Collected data

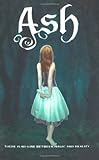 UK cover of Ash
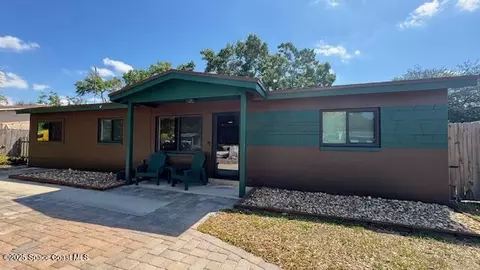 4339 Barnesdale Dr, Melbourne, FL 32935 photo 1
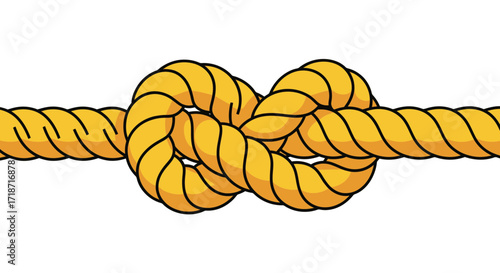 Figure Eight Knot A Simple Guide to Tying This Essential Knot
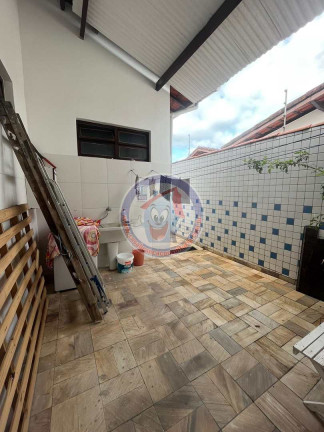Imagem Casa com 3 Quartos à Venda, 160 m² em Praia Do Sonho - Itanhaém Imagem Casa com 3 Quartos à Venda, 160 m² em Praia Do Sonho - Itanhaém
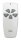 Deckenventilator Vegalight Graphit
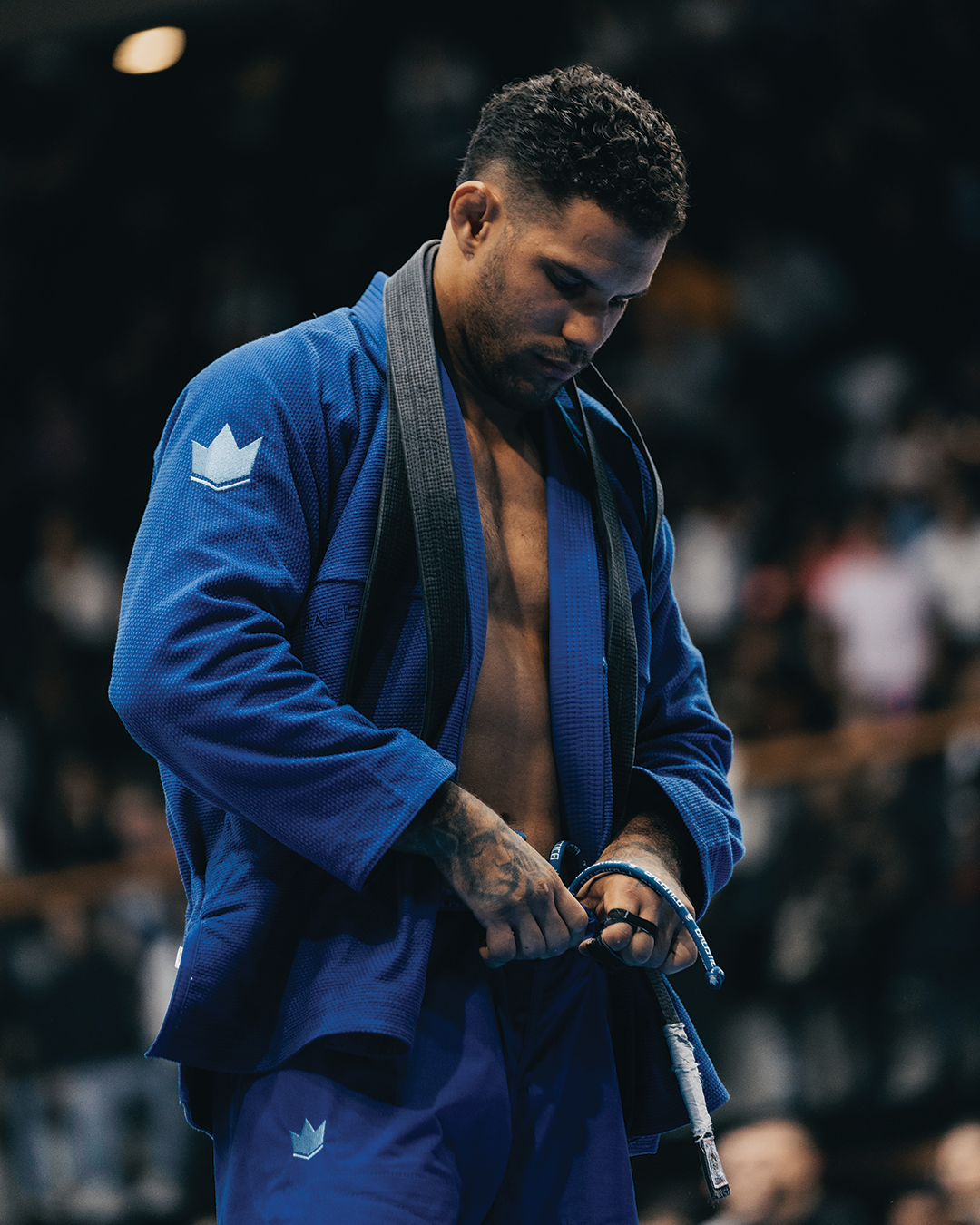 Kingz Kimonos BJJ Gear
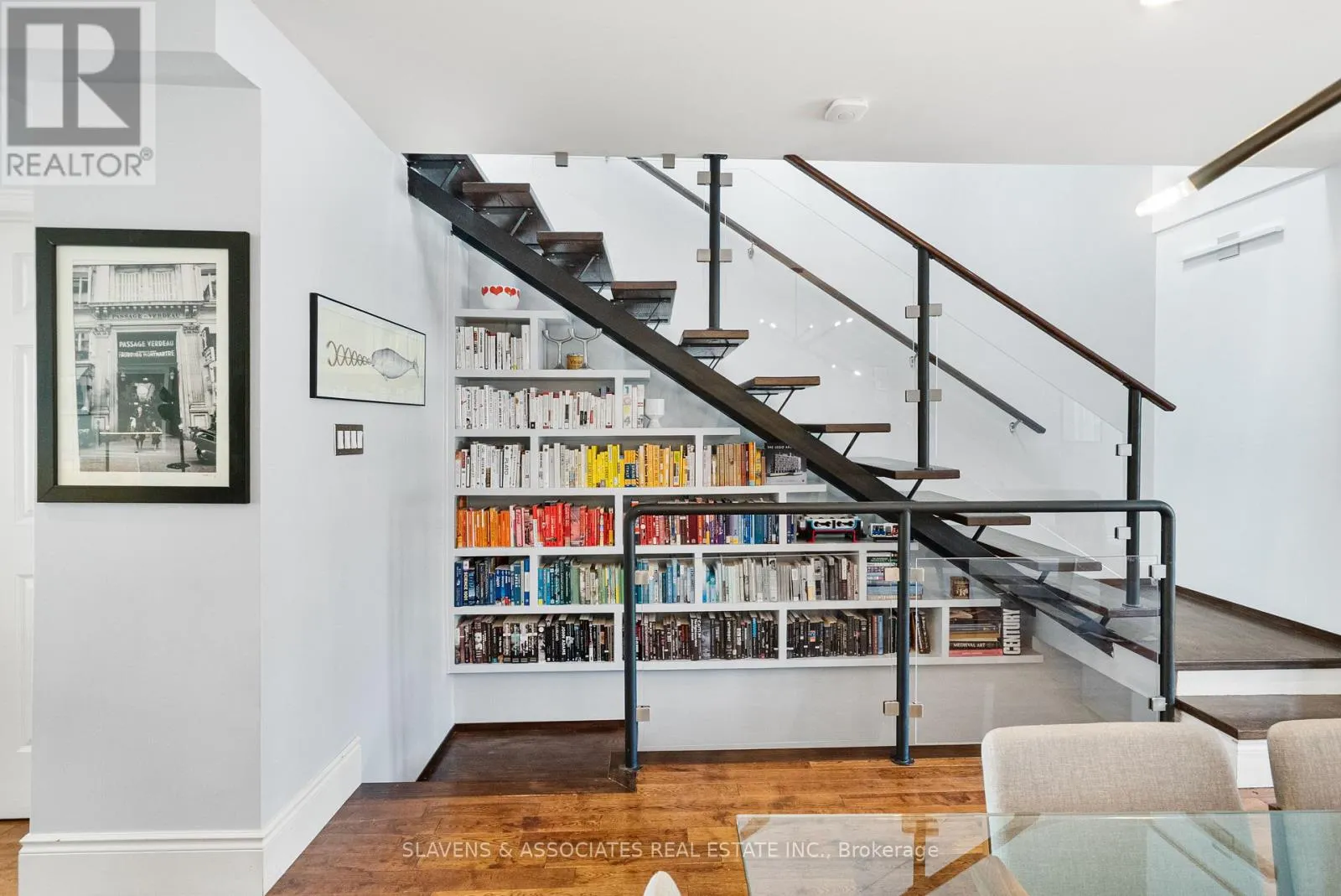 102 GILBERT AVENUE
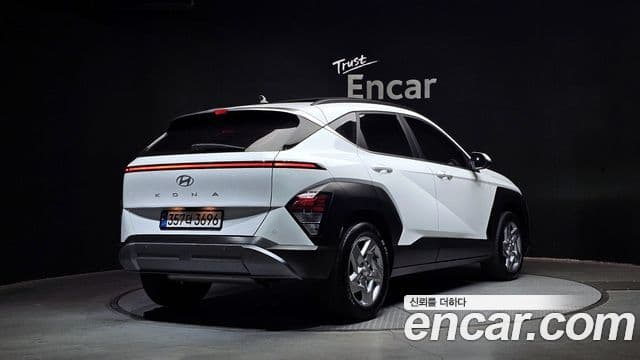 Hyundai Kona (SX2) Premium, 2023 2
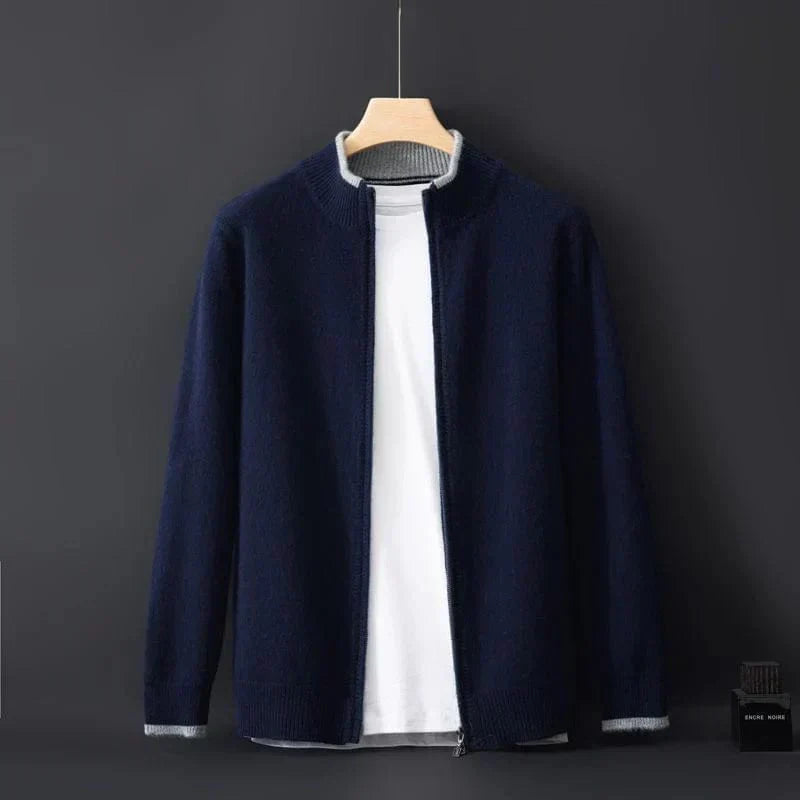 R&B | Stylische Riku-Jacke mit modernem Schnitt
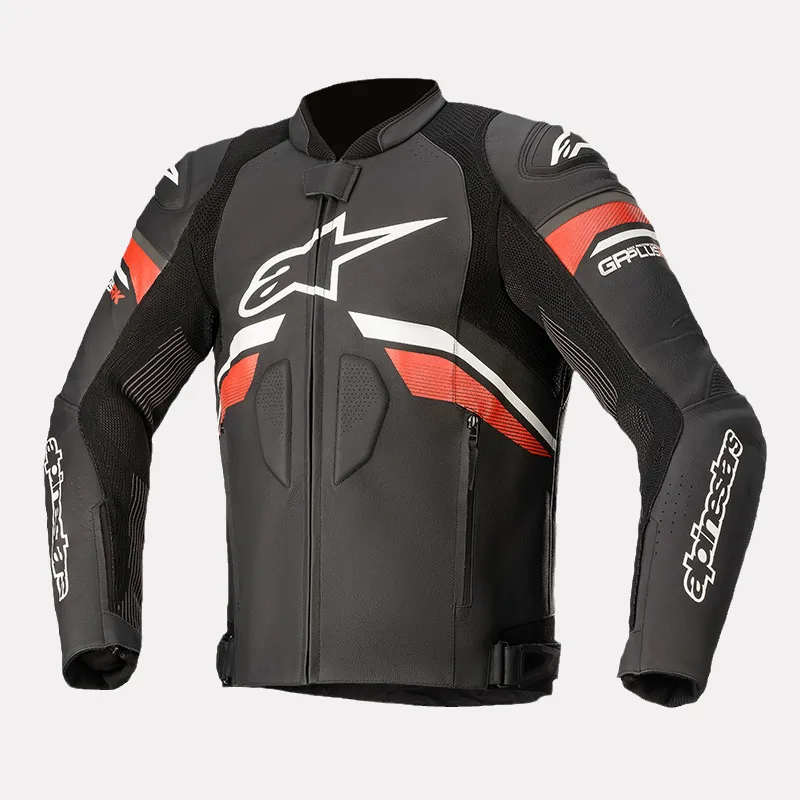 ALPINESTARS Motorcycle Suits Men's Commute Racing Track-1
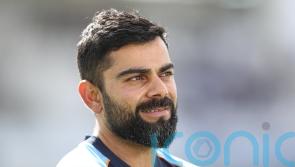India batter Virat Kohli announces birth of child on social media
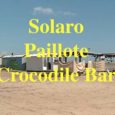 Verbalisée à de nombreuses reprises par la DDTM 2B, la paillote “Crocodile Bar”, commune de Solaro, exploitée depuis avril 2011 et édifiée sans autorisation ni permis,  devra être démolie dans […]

**Exercise brief:**
From the first line of the records down through the line containing "India batter Virat", transcribe exactly those lines and no others, both ends kept, pictures dropped.

**Answer to this problem:**
 UK cover of Ash
 4339 Barnesdale Dr, Melbourne, FL 32935 photo 1
 Figure Eight Knot A Simple Guide to Tying This Essential Knot
Imagem Casa com 3 Quartos à Venda, 160 m² em Praia Do Sonho - Itanhaém Imagem Casa com 3 Quartos à Venda, 160 m² em Praia Do Sonho - Itanhaém
 Deckenventilator Vegalight Graphit
 Kingz Kimonos BJJ Gear
 102 GILBERT AVENUE
 Hyundai Kona (SX2) Premium, 2023 2
 R&B | Stylische Riku-Jacke mit modernem Schnitt
 ALPINESTARS Motorcycle Suits Men's Commute Racing Track-1
India batter Virat Kohli announces birth of child on social media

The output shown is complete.